Of all of Flushing’s gastronomic assets, its varied food courts may be the most charming. Whether sussing out Happy Kenji Noodle’s Taiwanese beef noodle soup at the flashy New World Mall food court or perching on a colorful picnic bench eating shaved ice in the run-down-but-still-standing Flushing Mall, it’s easy to see their appeal. Our favorite of the bunch is the two-story Golden Shopping Mall, a mishmash of shops and stalls tucked inside an otherwise plain street-level and basement space. It’s from this location that David Shi started Xi’an Famous Foods, arguably Flushing’s most famous export. Other standouts include superlative lamb with squash and pork, shrimp, and chive dumplings at Tianjin Dumpling House, and noodles chilled or in steamy broth from Lanzhou Handmade Noodles.

9. Pop’s Diner, 44-29 Kissena Boulevard, Queens; 718-463-7719

With half a century spent slinging blue plate specials under its belt, Pop’s is a neighborhood gem.

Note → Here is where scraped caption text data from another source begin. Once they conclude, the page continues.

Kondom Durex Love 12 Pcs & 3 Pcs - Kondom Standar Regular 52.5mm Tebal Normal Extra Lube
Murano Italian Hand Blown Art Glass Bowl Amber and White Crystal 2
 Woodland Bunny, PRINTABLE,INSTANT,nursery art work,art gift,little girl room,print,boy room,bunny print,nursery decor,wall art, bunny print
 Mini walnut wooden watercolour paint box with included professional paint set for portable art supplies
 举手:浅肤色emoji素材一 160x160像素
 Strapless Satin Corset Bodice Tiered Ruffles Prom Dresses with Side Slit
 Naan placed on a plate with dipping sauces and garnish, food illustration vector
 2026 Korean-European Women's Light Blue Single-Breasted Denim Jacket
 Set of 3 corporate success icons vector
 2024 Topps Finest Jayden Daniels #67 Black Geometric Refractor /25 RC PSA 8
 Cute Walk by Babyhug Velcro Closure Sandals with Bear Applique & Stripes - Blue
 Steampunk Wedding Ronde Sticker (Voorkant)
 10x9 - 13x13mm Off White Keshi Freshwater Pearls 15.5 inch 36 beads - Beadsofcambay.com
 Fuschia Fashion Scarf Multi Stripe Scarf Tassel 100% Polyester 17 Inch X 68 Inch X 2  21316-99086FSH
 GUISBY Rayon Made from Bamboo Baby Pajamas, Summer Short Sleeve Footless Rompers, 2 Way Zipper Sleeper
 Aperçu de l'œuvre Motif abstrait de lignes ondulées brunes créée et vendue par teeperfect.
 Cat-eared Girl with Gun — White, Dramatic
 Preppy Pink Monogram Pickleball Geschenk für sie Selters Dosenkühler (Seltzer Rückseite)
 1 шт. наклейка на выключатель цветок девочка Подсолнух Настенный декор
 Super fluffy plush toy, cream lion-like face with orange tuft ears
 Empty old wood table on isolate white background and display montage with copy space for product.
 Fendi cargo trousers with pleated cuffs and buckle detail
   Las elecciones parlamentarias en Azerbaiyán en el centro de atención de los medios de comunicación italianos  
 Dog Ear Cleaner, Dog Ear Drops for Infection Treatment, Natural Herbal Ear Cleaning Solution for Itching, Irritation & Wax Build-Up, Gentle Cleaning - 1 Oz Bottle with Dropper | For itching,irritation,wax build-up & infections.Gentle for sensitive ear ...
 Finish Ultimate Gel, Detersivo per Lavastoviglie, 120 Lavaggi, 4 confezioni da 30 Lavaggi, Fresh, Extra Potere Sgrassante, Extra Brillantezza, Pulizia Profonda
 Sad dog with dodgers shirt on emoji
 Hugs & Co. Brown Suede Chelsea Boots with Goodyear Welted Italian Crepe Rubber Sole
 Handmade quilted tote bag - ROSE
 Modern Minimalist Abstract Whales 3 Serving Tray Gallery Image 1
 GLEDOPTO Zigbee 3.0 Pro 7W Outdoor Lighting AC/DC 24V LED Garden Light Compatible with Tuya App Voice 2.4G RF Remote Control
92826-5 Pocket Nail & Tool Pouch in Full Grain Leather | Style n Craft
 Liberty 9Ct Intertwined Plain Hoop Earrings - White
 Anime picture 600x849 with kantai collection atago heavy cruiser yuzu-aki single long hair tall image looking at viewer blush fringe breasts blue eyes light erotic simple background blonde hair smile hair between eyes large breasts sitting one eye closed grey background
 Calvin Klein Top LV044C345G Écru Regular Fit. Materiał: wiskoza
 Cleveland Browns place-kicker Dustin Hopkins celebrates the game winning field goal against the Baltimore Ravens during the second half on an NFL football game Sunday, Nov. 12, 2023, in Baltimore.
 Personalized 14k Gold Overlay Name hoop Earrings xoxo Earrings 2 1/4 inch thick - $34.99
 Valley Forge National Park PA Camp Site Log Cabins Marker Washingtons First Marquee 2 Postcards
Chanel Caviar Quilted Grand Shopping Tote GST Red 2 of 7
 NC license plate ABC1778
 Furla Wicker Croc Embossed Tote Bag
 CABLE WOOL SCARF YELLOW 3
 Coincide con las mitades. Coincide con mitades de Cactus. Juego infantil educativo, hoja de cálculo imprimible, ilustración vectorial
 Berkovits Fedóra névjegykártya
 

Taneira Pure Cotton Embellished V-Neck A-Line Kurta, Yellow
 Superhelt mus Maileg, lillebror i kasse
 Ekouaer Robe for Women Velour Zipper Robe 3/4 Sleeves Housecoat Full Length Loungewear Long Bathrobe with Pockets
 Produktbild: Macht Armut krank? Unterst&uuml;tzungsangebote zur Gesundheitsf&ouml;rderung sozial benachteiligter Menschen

Breakfast is particularly satisfying, with sausage links as bulbous as British bangers and top notch egg cookery. Sandwiches and platters get a special boost from three proprietary hot sauces made with yellow, green and red Brazilian peppers, giving the unassuming diner a spicy edge — we like them best on Friday’s stuffed peppers.

8. Siruyeon, 150-36 Northern Boulevard, Queens; 718-461-6677

Nestled along Northern Boulevard in Murray Hill, this modest Korean cafe specializes in rice cake waffles topped with ice cream and fresh fruit. The only thing these confections have in common with traditional waffles is the shape, and the gummy, mochi-like texture is a fun alternative to sating those more sinful brunch cravings. The shop also knows its way around the savory side of rice cakes, including an above-average version of chili-spiked tteokbokki, soft rice cakes swimming in sweet, tangy chili sauce.

7. Nan Xiang Xia Long Bao, 38-12 Prince Street, Queens; 718-321-3838

Great soup dumplings are undoubtedly one of history’s proudest culinary achievements, with their bloated teardrop-shaped skins that jiggle with liquid innards and thick, spiraled tops perfect for grabbing with chopsticks. Nan Xiang’s are exemplary, the broth heady from pork or pork and crab fillings (we prefer to surf with our turf). While you could make an entire meal out of the steamy jewels, do pay close attention to the springy, slippery Shanghai udon.

6. White Bear, 135-02 Roosevelt Avenue, Queens; 718-961-2322

Long famous for its wontons in hot oil, tiny White Bear cooks some truly special pork dumplings. With sheer, springy skins and supple filling, the dough pockets are sold plain and adorned with plenty of fresh herbs and ruddy, fragrant chili oil or bobbing in mild soup with seaweed. Even steamed at home from a frozen bag, they’re some of the finest dumplings we’ve ever tasted.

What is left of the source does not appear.